You’re curious and you know deep inside that this is something you need to think about. It could be because you have a pet and wonder if there’s a difference between him/her and the pig that turned into the bacon you ate for breakfast. Maybe you saw an eye-opening video about society’s treatment of animals. Or maybe you have been reading about the environmental impact of industrial animal agriculture or the health benefits of a plant-based diet. Whatever the reason may be, the fact that this seems mildly interesting to you means that you have already taken the first step towards thinking vegan. Don’t panic! That’s a good thing and is reason enough to not turn back now.

The good news is you don’t actually need to eat animal flesh or drink animal milk to lead a happy, healthy and productive life, and you certainly don’t need to wear animal skin to look good.

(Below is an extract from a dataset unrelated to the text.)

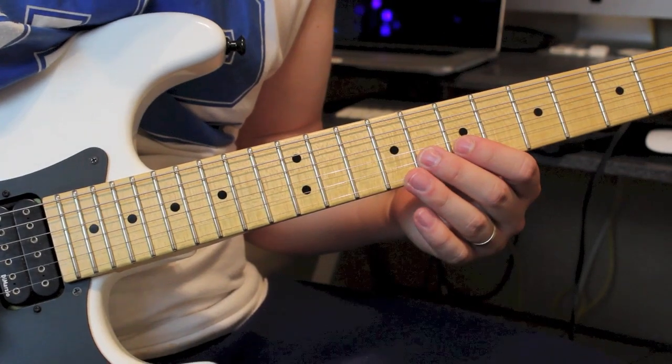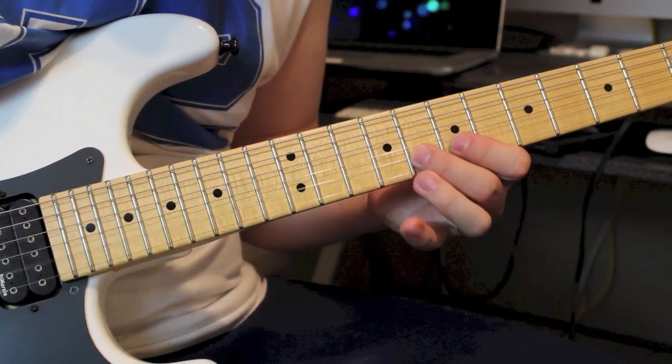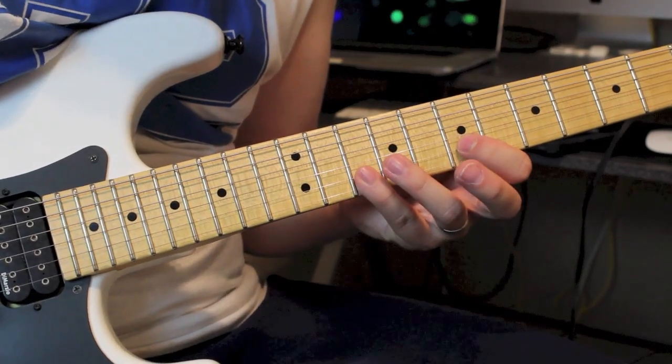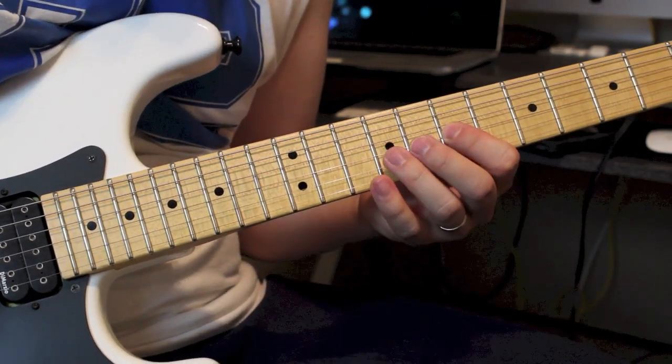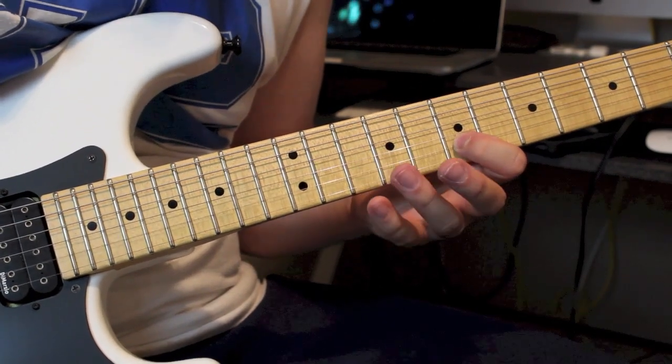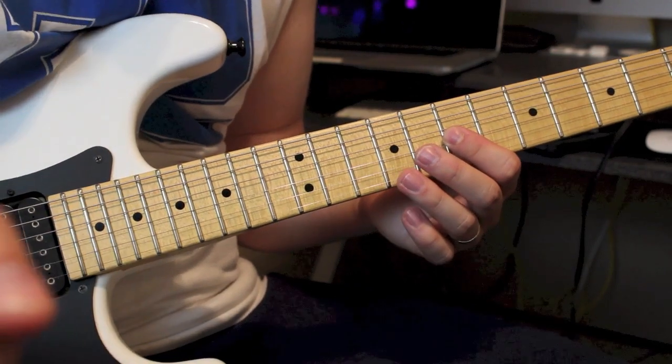We're going to go 8 to pull off to 7 on the B. Then 9 to pull off to 7 on the G. Then you're going to go 10 to pull off 7, twice. 9 to pull off 7 on the G. Then 10 to pull off 7 again on the B. 9 to pull off 7 twice. That is it — that is your 60 Second Guitar Lick.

You can still enjoy the taste of meat, creamy desserts, snacks and stock up your fridge and pantry with all kinds of delicious food. More importantly, you can get enough protein, even calcium, without any animal having to suffer or die for it. Worried about your health? Really? You think not consuming animal products that are full of saturated fat and cholesterol will do your body harm? As long as your idea of vegan food is not eating potato chips, Twizzlers and vegan cupcakes all day, you’ll do fine (but trust us, you should eat a good vegan cupcake every now and then). If you’re still concerned, take a supplement or two (which you probably do on any diet). Worried about losing your sense of style if you can’t wear leather boots or fancy cashmere sweaters? You can buy all kinds of clothes and accessories, including designer coats and handbags, and fashionable shoes that not only look and feel great, but also won’t dampen your karma or your style. Think about it; the only reason we eat and use animals is because we’ve been doing it for eons and animal-free alternatives did not exist. It is 2011, people; we need to get with the program and evolve!

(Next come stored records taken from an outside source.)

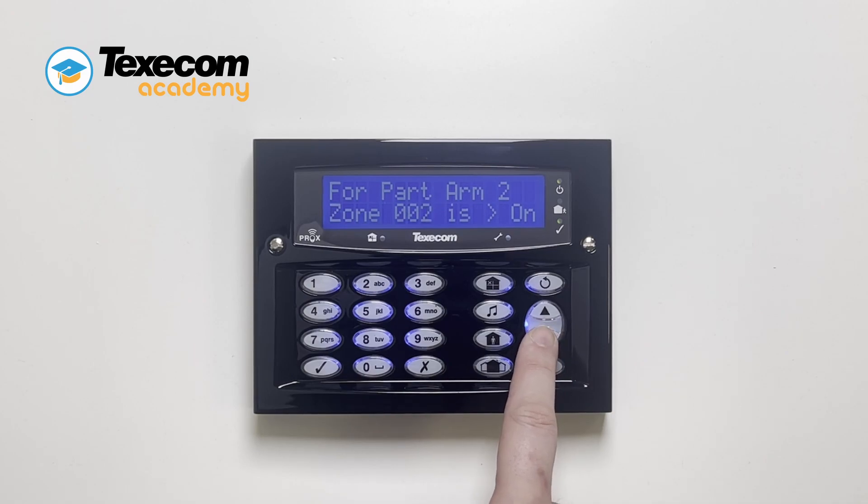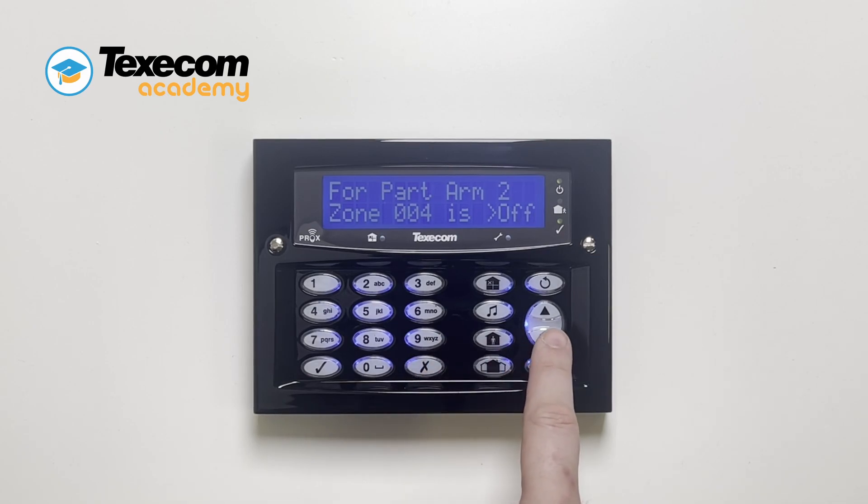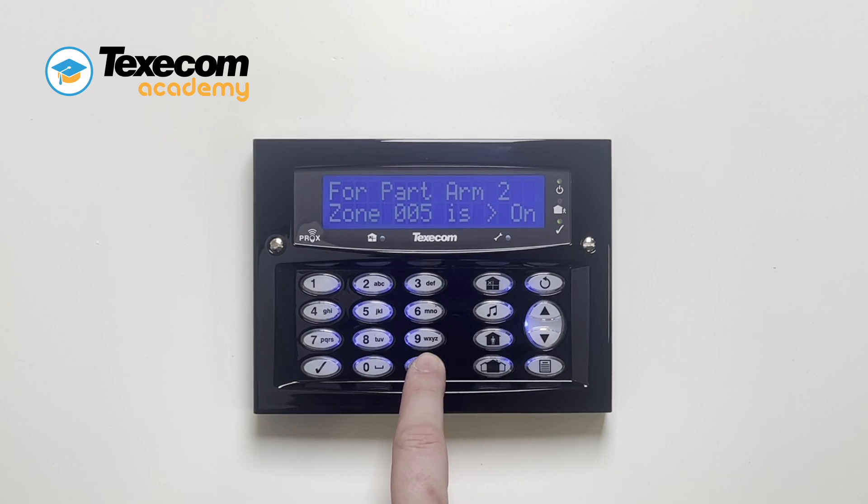Scroll to the zone you want to omit during the part set. Press the no key. The keypad will show the zone being off. Repeat this for all zones you want to omit during the part set.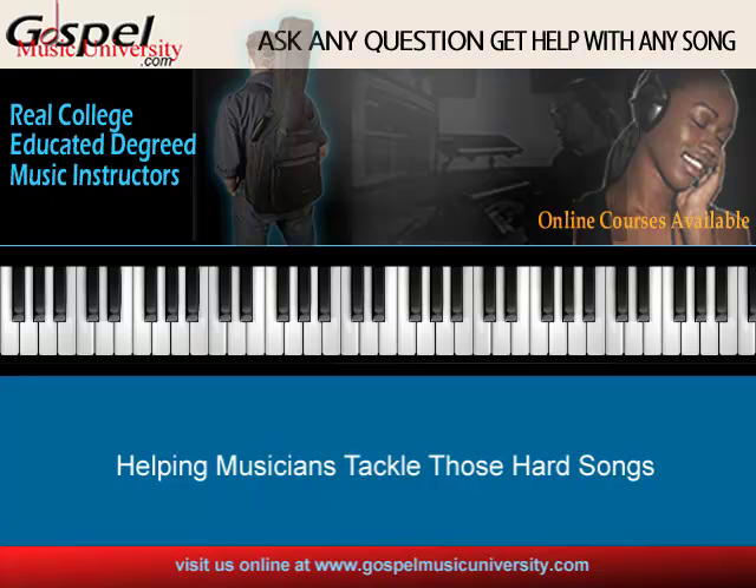Hello, this is Greg Hanna from GospelMusicUniversity.com and in this edition of Keyboards, Tips, Tricks and More, I got a question posted on my wall by Kyron. The question reads: I want to know how to spice up each chord in a simple song like No Weapon by Fred Hammond into crazy extended jazz chords.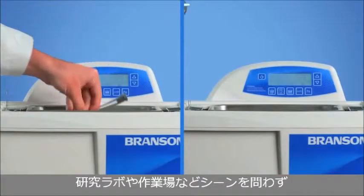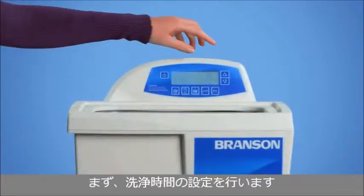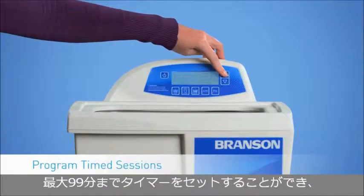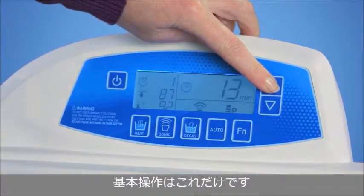From the laboratory to the workshop, the new CPX series offers the right settings for the right job. Start by setting your cleaning time. You can choose timed increments of up to 99 minutes, or get the flexibility of continuous cleaning with a constant sonics mode. Either way, just set your digital Bransonic and forget it.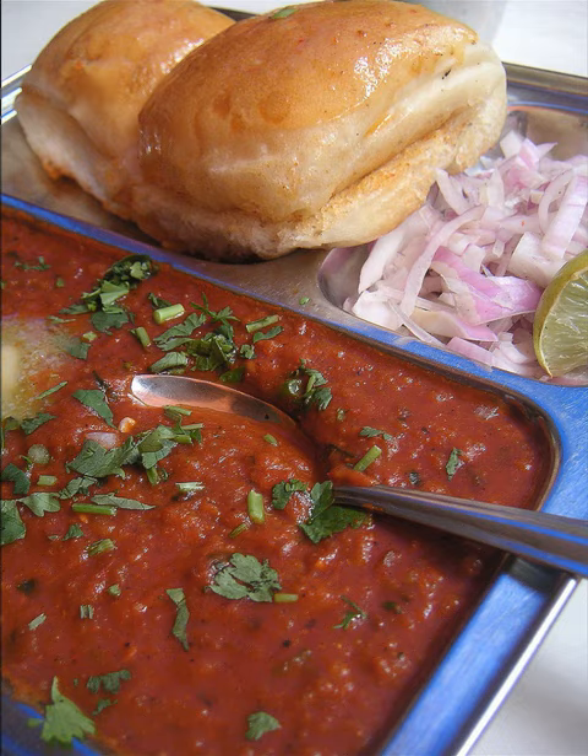Pav bhaji has many variations in ingredients and garnishes, but is essentially a spiced mixture of mashed vegetables in a thick gravy, served hot with a soft white bread roll, usually cooked on a flat griddle.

Veganism is not hard; ever noticed how picky almost every person placing their drink order at Starbucks is? Being vegan isn’t that different. So, you’ll probably need to ask a few questions while ordering food, read a few labels while buying stuff, deal with a few raised eyebrows and answer a couple of questions about protein and calcium. So what! You don’t have to go vegan overnight if you don’t want to, but you have to be certain that you’re ready to get started. Do some research on recipes and start with a few vegan meals a week. If after a few weeks, you find that your body and mind haven’t descended into the depths of hunger and depression respectively, you can consider doing this long-term and going completely animal-free. Take the time you need, and you will realize that veganism is not a huge sacrifice, but just a matter of making some adjustments to how you cook, shop and order at a restaurant.

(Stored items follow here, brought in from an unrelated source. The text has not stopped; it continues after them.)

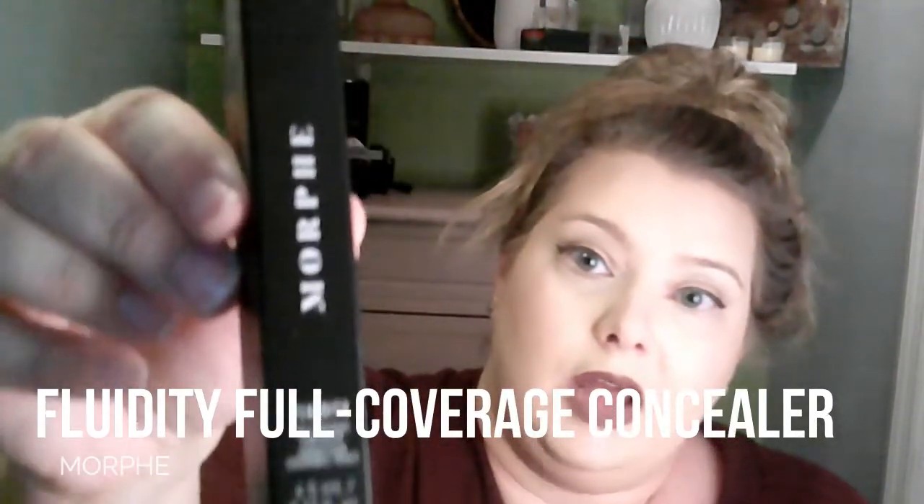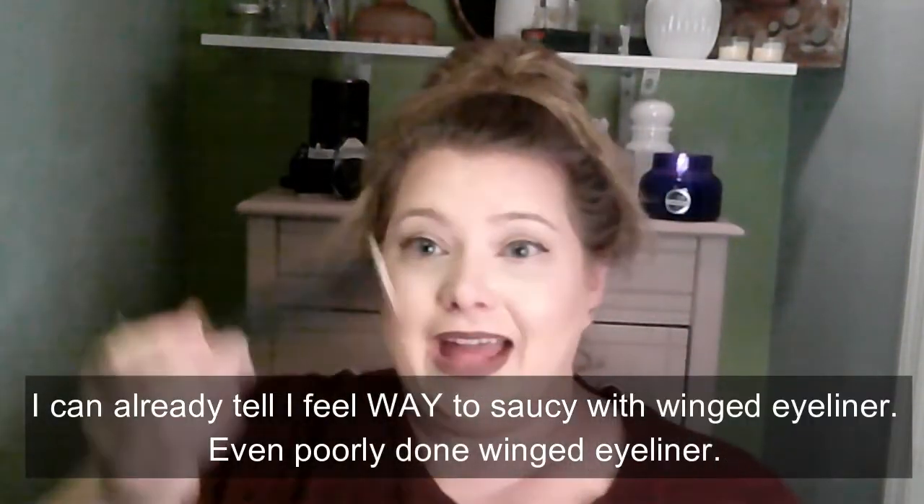Next is from Morphe, Fluidity Full Coverage Concealer in the shade Soft Matte CL55. I've never actually tried any Morphe face products - no concealer, no foundation. That actually might really be light enough; I was worried it was going to be dark. It actually kind of looks good. We'll try it out this week and see.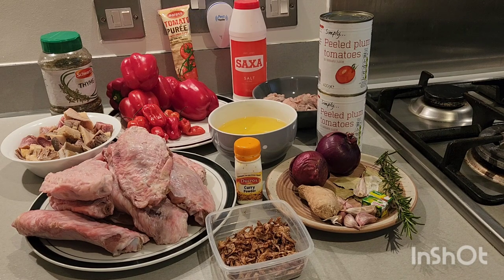We have our turkey, curry, onions, bay leaves, fresh rosemary, ginger, garlic, Knorr cube, and crayfish, plum tomato, shaki, vegetable oil, salt, tomato puree, red bell pepper, scotch bonnet pepper, mixed meat, and thyme. All these ingredients you are seeing here is what we are going to be using to prepare this lovely mouth-watering recipe. Please don't forget to subscribe, share, like, comment, and give me a thumbs up.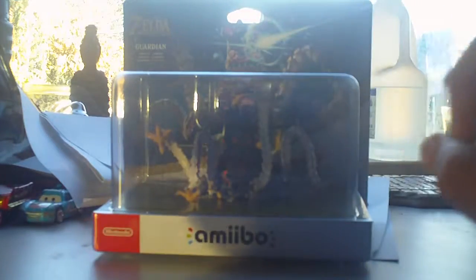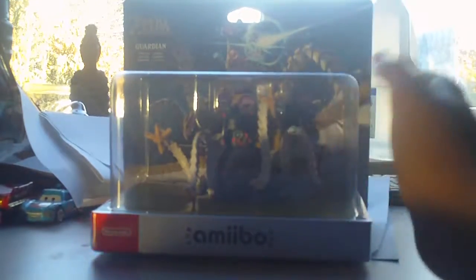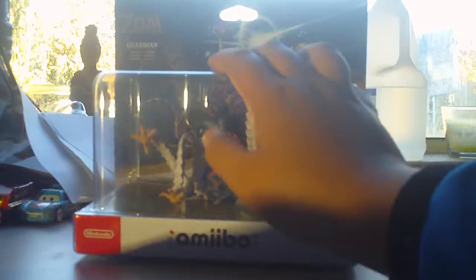It's that time of the week again. It's Sunday, the day I go to my dad's house. So today guys, I've got the Guardian Amiibo.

Now remember that veganism is more than food, because you don’t want to be that person talking about making ethical and ecological food choices, while strutting around town in a fur coat or wearing makeup that’s tested on animals. Again, don’t obsess over it; just do some basic research into vegan alternatives to various products you use and when you feel comfortable enough, make the switch to the animal-free version. Worried about having to throw away all your leather, wool and other clothes? Don’t! No one says you have to get rid of it all, the moment you decide to go down the vegan path. If you can afford it, donate your non-vegan stuff and go ahead and embark on a shopping spree. However, realistically, very few can do that, so just wear them out and discard or donate them when you feel like you’re ready for a replacement. Relax; the vegan police is not going to fine you!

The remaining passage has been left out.